■ Source material:

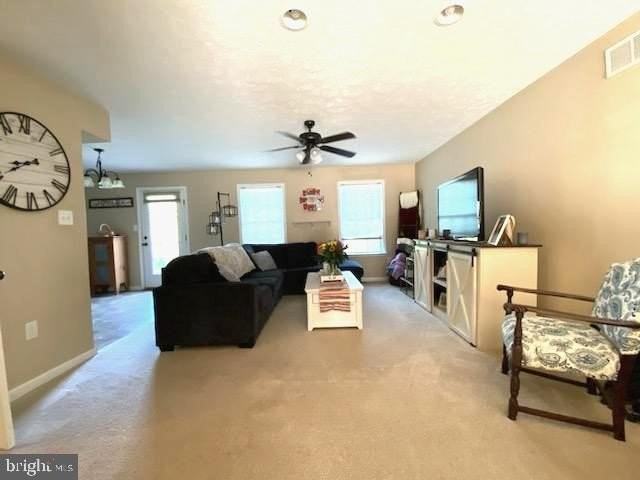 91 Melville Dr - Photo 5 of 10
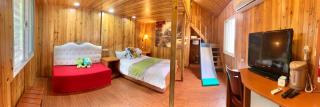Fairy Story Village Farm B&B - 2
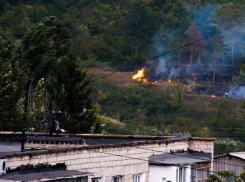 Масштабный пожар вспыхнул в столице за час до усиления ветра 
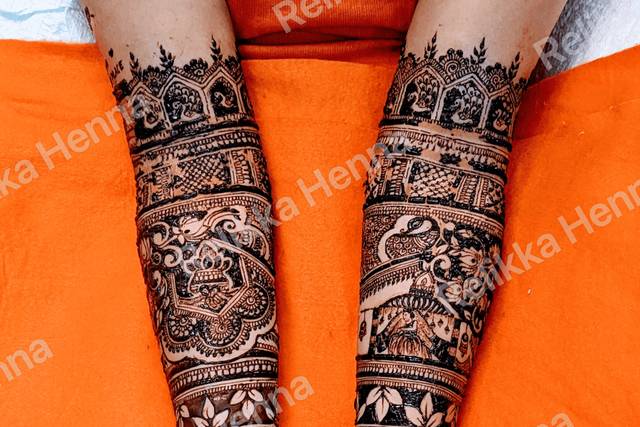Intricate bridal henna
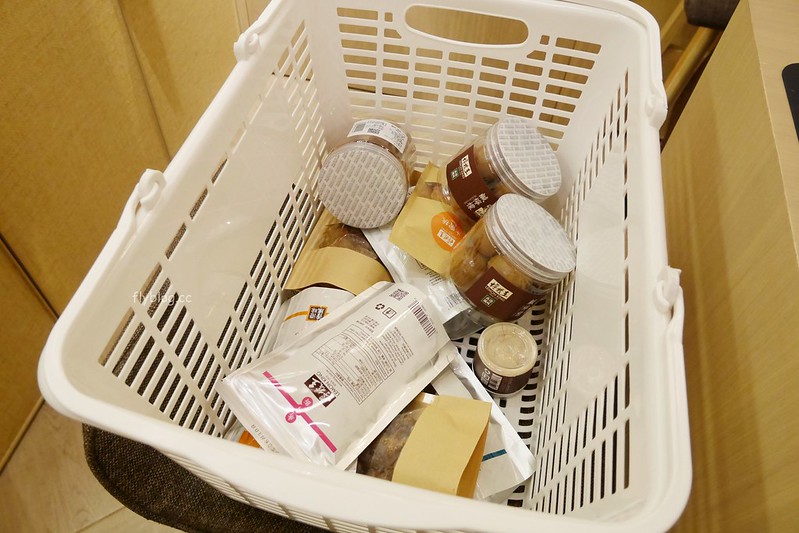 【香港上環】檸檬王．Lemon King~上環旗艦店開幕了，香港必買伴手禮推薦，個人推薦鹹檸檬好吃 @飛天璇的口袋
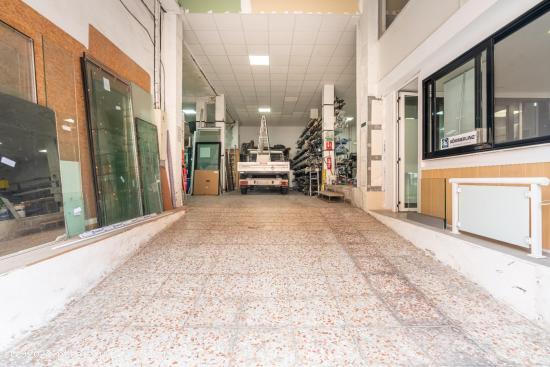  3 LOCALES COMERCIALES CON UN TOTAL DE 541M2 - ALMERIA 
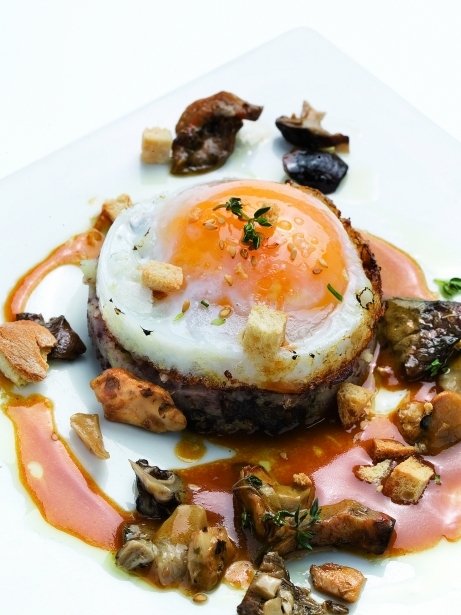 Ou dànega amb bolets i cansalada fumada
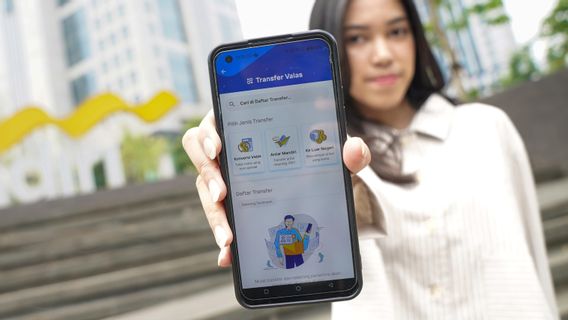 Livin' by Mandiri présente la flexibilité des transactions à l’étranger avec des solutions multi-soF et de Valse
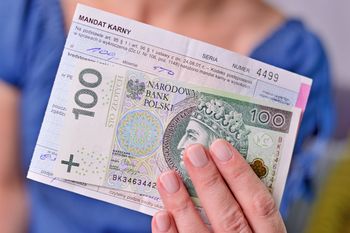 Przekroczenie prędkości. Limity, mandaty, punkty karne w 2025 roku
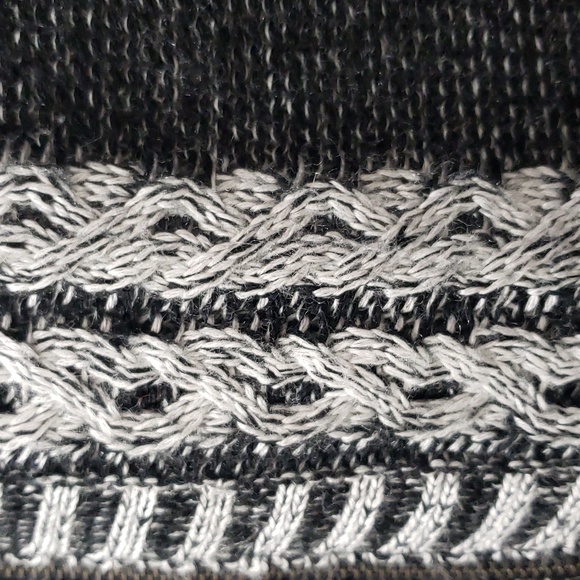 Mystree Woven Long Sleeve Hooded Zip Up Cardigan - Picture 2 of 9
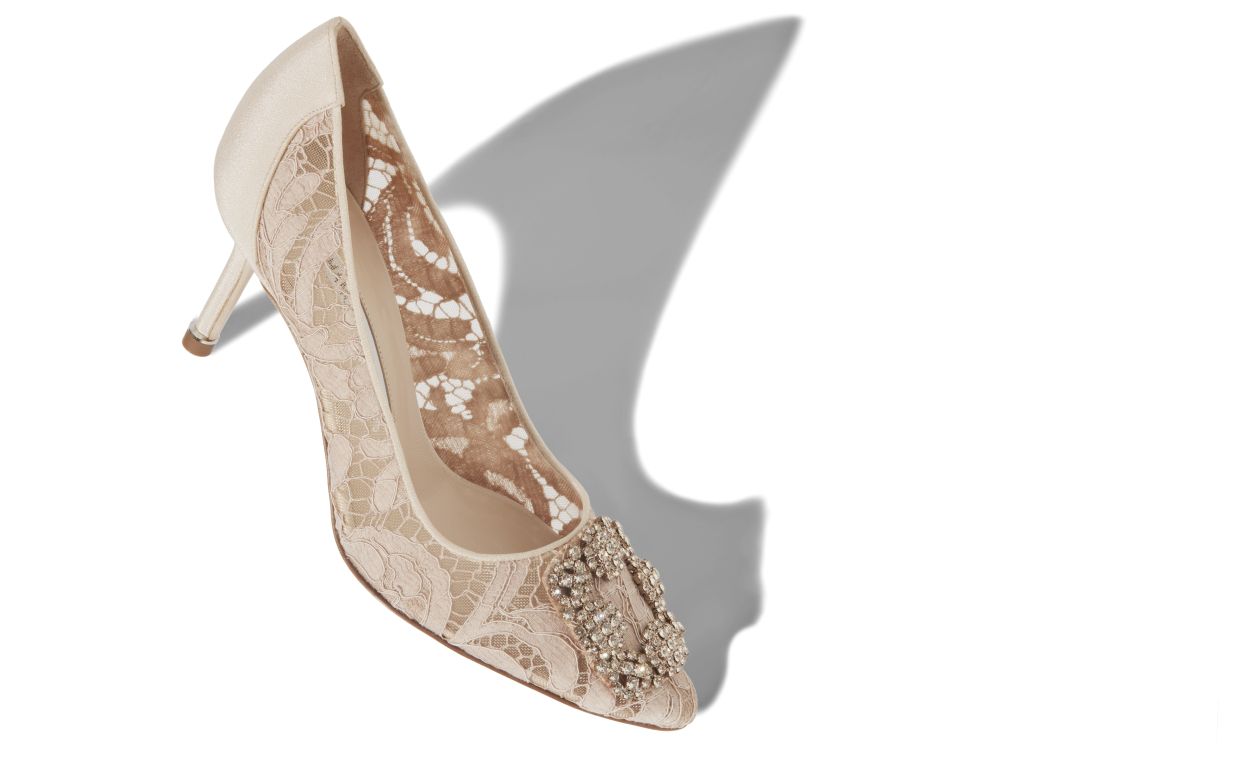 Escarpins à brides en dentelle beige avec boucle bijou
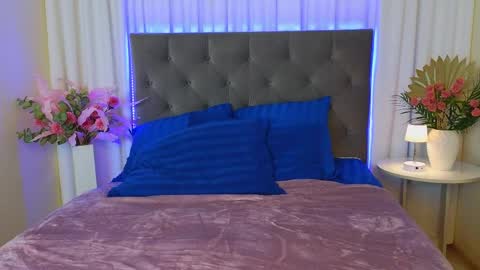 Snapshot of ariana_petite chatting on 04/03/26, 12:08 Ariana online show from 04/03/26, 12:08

--

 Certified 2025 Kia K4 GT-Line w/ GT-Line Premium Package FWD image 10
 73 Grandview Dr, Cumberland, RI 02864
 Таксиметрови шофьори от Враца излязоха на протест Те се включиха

■ Task goal: Beginning at the line that has "Intricate bridal henna" and ending at the line that has "Ou dànega amb bolets i cansalada fumada", restate the listing above word for word, pictures left out.

■ Answer for the task:
Intricate bridal henna
 【香港上環】檸檬王．Lemon King~上環旗艦店開幕了，香港必買伴手禮推薦，個人推薦鹹檸檬好吃 @飛天璇的口袋
  3 LOCALES COMERCIALES CON UN TOTAL DE 541M2 - ALMERIA 
 Ou dànega amb bolets i cansalada fumada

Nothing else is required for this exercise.